*** Supplied material ***

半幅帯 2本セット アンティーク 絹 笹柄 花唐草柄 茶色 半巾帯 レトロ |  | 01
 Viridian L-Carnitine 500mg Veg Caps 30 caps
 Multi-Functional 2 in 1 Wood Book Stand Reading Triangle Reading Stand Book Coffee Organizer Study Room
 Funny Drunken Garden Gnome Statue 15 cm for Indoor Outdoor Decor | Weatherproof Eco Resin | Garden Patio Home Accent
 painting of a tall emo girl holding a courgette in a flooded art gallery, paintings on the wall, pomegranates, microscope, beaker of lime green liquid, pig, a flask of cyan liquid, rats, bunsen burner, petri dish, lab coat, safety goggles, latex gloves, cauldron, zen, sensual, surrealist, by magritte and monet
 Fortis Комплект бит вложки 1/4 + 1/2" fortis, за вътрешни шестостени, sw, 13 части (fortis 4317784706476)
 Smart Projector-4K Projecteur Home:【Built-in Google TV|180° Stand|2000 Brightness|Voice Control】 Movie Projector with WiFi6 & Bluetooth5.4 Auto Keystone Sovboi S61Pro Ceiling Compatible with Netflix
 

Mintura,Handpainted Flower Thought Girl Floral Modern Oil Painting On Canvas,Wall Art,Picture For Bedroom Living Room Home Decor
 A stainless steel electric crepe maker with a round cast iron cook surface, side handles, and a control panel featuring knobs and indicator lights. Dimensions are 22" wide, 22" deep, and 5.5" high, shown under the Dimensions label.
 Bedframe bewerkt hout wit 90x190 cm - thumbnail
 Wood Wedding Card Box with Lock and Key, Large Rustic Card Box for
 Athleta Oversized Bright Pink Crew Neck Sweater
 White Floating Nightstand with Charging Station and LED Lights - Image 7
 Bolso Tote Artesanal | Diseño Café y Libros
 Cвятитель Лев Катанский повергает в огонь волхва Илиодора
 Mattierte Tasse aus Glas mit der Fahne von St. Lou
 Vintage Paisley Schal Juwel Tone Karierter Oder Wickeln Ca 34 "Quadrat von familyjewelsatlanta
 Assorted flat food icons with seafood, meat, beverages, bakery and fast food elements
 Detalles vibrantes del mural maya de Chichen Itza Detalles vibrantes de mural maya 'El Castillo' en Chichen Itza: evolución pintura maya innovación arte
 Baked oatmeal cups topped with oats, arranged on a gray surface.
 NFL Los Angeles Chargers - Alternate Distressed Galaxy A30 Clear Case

*** End of Supplied material ***

■ **Aim of the task**
Repeat the data word for word.

■ **Exercise response**
半幅帯 2本セット アンティーク 絹 笹柄 花唐草柄 茶色 半巾帯 レトロ |  | 01
 Viridian L-Carnitine 500mg Veg Caps 30 caps
 Multi-Functional 2 in 1 Wood Book Stand Reading Triangle Reading Stand Book Coffee Organizer Study Room
 Funny Drunken Garden Gnome Statue 15 cm for Indoor Outdoor Decor | Weatherproof Eco Resin | Garden Patio Home Accent
 painting of a tall emo girl holding a courgette in a flooded art gallery, paintings on the wall, pomegranates, microscope, beaker of lime green liquid, pig, a flask of cyan liquid, rats, bunsen burner, petri dish, lab coat, safety goggles, latex gloves, cauldron, zen, sensual, surrealist, by magritte and monet
 Fortis Комплект бит вложки 1/4 + 1/2" fortis, за вътрешни шестостени, sw, 13 части (fortis 4317784706476)
 Smart Projector-4K Projecteur Home:【Built-in Google TV|180° Stand|2000 Brightness|Voice Control】 Movie Projector with WiFi6 & Bluetooth5.4 Auto Keystone Sovboi S61Pro Ceiling Compatible with Netflix
 

Mintura,Handpainted Flower Thought Girl Floral Modern Oil Painting On Canvas,Wall Art,Picture For Bedroom Living Room Home Decor
 A stainless steel electric crepe maker with a round cast iron cook surface, side handles, and a control panel featuring knobs and indicator lights. Dimensions are 22" wide, 22" deep, and 5.5" high, shown under the Dimensions label.
 Bedframe bewerkt hout wit 90x190 cm - thumbnail
 Wood Wedding Card Box with Lock and Key, Large Rustic Card Box for
 Athleta Oversized Bright Pink Crew Neck Sweater
 White Floating Nightstand with Charging Station and LED Lights - Image 7
 Bolso Tote Artesanal | Diseño Café y Libros
 Cвятитель Лев Катанский повергает в огонь волхва Илиодора
 Mattierte Tasse aus Glas mit der Fahne von St. Lou
 Vintage Paisley Schal Juwel Tone Karierter Oder Wickeln Ca 34 "Quadrat von familyjewelsatlanta
 Assorted flat food icons with seafood, meat, beverages, bakery and fast food elements
 Detalles vibrantes del mural maya de Chichen Itza Detalles vibrantes de mural maya 'El Castillo' en Chichen Itza: evolución pintura maya innovación arte
 Baked oatmeal cups topped with oats, arranged on a gray surface.
 NFL Los Angeles Chargers - Alternate Distressed Galaxy A30 Clear Case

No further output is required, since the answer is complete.